Time to turn up the heat. He has to learn he is now and will always be the bottom dog in your pack.

You and your boys should be able to put your hand in the dogs food bowl ANYTIME you want. The dog owns nothing and every thing he gets he has to earn. Your kids and you have to be consistant and strong. Otherwise your Vizsla will be unhappy.

Good luck.
RBD


----------



## R E McCraith (Nov 24, 2011)

Bee try this with the pup out of the room where u feed him put your hand in the bowl and have the pup come in if he growls remove the bowl-keep trying this untill he learns you control the food-when it comes 2 him not wanting 2 b touched ignore him-praise him when he wants your attention-he will soon learn that the family are the alpha leaders


----------



## texasred (Jan 29, 2012)

If his aggression doesn't improve after working with him on the NILIF program you might consider having him neutered. It won't fix your problem but it can help with continued training.


----------



## Ozkar (Jul 4, 2011)

Cutting his nuts off won't always fix it. Often it won't change as it's not a hormonal thing, it's a "where do I fit in in the pack" thing.


----------



## texasred (Jan 29, 2012)

Never said it would fix the problem. Aggressive males are more likely to be aggressive if a female comes into heat around them. They have even been known to guard the female from other family members. Doesn't have to be your female it can be one in a neighbors yard. Having kids in the house would be my main concern.

If the dog does have a dominance problem that leads to aggression then he should never be bred, there for making his nuts of no use.


----------



## Ozkar (Jul 4, 2011)

Won't always fix the training problem either. The most sensible solution is to put in some time with the dog! I find that is a great fix for most issues. Most issues are caused from a lack of consistent and repetitive training. I have a male of each gender..... one with....one without.... the one without is way more aggressive and self confident than the entire male. He's also no less or more easy to train. 



I guess I should just but out on any conversations with removing nuts, using prongs or E's!!!   You all know my thoughts on these things by now, so I suppose my replies are somewhat academic.


----------



## texasred (Jan 29, 2012)

[quote author=Ozkar link=topic=3730.msg25909#msg25909 date=1330234975

I guess I should just but out on any conversations with removing nuts, using prongs or E's!!!   You all know my thoughts on these things by now, so I suppose my replies are somewhat academic. 
[/quote]


No need to but out, I'm pretty thick skinned and someone having a problem should be able to hear more than just one option. I stated If the aggression doesn't improve after training.
Ive owned quite a few dogs in my lifetime and have owned one that was dominate. He could and would get aggressive if not handled properly. He would have probably been put down by most people but I choose to keep and work with him.


----------



## mswhipple (Mar 7, 2011)

Hi, Bee32, and welcome to the forums!

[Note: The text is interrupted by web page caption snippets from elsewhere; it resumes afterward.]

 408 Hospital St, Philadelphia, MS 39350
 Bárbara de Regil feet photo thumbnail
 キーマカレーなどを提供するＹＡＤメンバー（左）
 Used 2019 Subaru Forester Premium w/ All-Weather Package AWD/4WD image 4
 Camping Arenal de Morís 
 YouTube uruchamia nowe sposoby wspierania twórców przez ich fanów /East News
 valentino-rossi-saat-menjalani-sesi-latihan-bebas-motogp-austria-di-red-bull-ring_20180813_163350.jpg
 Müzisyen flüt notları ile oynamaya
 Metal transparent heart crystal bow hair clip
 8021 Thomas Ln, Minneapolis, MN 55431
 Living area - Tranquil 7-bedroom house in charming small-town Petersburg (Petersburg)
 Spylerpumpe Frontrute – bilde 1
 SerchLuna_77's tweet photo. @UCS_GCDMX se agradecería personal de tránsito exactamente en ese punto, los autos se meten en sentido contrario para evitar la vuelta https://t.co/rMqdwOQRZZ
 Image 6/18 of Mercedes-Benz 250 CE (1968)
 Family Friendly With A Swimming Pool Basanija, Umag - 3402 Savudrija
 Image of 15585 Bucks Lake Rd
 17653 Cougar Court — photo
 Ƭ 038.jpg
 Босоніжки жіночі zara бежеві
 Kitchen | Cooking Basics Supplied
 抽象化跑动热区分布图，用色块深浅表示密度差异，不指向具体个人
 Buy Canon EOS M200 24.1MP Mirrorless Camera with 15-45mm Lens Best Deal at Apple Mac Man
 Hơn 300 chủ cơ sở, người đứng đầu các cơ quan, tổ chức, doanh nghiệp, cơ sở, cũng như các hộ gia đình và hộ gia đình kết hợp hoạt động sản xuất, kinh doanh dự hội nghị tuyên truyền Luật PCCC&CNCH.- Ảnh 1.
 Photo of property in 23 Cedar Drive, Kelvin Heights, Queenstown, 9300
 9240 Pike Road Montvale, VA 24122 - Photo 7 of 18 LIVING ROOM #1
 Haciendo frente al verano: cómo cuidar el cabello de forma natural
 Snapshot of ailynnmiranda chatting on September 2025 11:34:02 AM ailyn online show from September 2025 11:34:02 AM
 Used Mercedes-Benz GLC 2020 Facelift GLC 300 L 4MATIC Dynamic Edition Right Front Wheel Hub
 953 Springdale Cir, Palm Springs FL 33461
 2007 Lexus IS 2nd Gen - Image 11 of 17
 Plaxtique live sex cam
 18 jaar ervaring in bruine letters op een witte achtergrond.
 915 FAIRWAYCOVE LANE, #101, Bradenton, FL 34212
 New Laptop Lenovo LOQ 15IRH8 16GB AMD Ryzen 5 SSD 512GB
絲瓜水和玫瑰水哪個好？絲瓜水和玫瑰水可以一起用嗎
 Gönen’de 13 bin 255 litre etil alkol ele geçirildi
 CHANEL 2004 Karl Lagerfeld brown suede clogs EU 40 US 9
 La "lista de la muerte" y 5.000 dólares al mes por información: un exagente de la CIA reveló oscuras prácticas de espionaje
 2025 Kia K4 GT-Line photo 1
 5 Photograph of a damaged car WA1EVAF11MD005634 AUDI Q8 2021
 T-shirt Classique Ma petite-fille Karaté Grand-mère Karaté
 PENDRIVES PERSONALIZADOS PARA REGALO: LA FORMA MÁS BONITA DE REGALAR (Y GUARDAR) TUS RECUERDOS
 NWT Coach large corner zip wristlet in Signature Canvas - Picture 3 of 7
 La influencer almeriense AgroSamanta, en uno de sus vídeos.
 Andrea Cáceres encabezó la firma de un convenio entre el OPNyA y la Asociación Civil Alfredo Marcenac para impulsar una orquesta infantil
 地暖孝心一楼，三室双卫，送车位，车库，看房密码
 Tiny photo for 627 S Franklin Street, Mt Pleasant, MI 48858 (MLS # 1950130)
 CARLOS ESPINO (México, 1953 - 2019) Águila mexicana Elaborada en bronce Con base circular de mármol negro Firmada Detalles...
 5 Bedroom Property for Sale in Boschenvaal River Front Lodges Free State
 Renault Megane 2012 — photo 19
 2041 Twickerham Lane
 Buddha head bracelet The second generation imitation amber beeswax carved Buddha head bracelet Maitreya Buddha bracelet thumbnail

The resource guarding can be addressed by having you and your two sons, alternately, feed your Vizsla boy by hand, one piece at a time. It makes it a little clearer to the dog where the food comes from, and who owns it. The growling and snapping just cannot be tolerated. You must make it very clear to him that this is unacceptable behavior. Also, at his age, keep up the socialization, and maybe even increase it. He sounds like a good dog, alright, and you just need to be sure he knows who's the boss (ie., not him).


----------



## finch (Sep 19, 2011)

Another approach to the resource guarding, used in positive reinforcement training, is to walk up to your dog's bowl while he is eating and toss little treats into the bowl with his food. Taking the dog's food away if he growls is teaching him to tolerate you, vs. giving him something extra special teaches him that people are welcome to touch his food any time they want b/c he gets something good from it. This also works if they are guarding with marrow bones, bully sticks, other high value treats - don't just take it is away. Take it away, give him something special in return and then give him the marrow bone back after he waits patiently for it. You can also do this just with regular toys that he is allowed to chew on. Doing this training helps when he ends up with something in his mouth that he shouldn't have... he'll more readily give it up if he thinks he will get something and might get the original thing back. He won't get it back 100% of the time, but he doesn't know that!


----------



## Lindsey1420 (Jan 28, 2012)

Jack just started this. I went to take his bone away and he growled and snapped at me. I was so surprised amd shocked. He then did it again to my newphew who just went to pet him, but while he was eating his favorite treat. I dont like this at all. He never snaps or growls when I put my hand in the bowl, just eats faster. So then I have to slow him down. 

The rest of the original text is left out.